I really think there needs to be a black game movement. Now, what that looks like right now? I don't know. But for instance, we have the Game Developers of Color Conference that happens in New York every summer. There was an old game, The Black College Football Experience. It's such a cool game because you have the full experience of an HBCU football game. The band performs at halftime. I think we need to really highlight the contributions of black folks in games. It was a black man who developed the cartridge for us to play the earliest console games. These are the stories that we need to bring prominence. Maybe I can start tying the notes together to see how it's already existed. Maybe the seeds of a black game movement have already existed.
What are your favorite video game(s)? A knockout for the final question.

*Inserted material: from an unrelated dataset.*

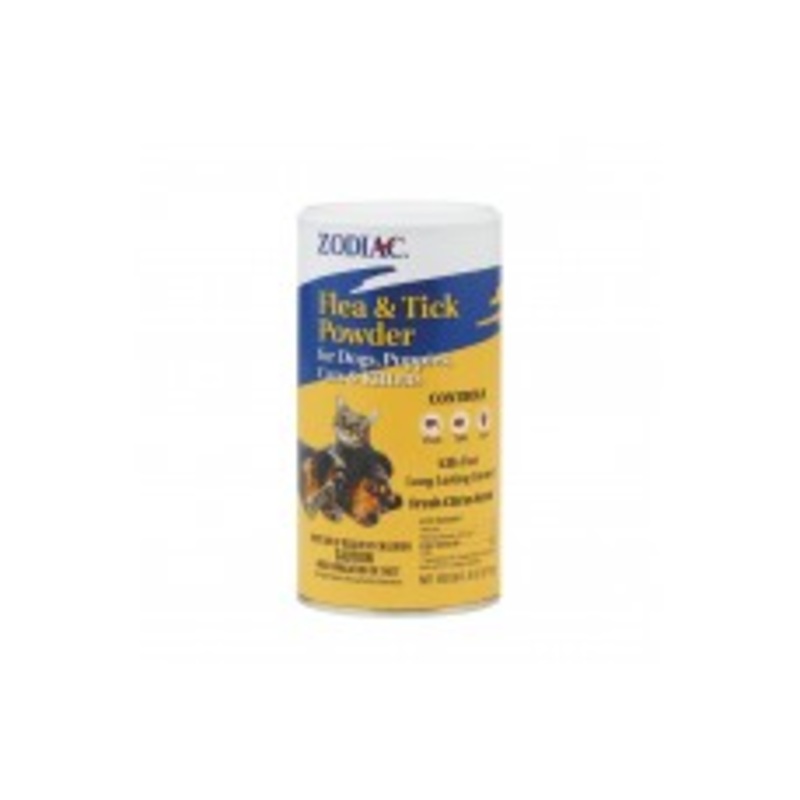 Zodiac Flea and Tick Powder for Dogs and Cats 6 Ounces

That's the hardest question you've asked. So I have to think about a game that's re-playable, a game that if I put it in, I can still play it all the time. I have to think about a game that brings me joy. It's not stressful. I know that it's holistically a great, beautiful experience. I have to think about that iconicity of it… The Hitman, the entire franchise. Agent 47 is fantastic. I love the beauty of the maps. Sometimes I just walk around and I don't do any of the missions. I'm not killing anybody because the maps are just so beautiful. And as a kid from rural Kentucky, I didn't grow up seeing different parts of the world. So when playing something like the earliest Hitman gamrs, I was able to be transported to Italy in these beautiful cityscapes and countrysides and I feel that level of joy whenever I play the newer games.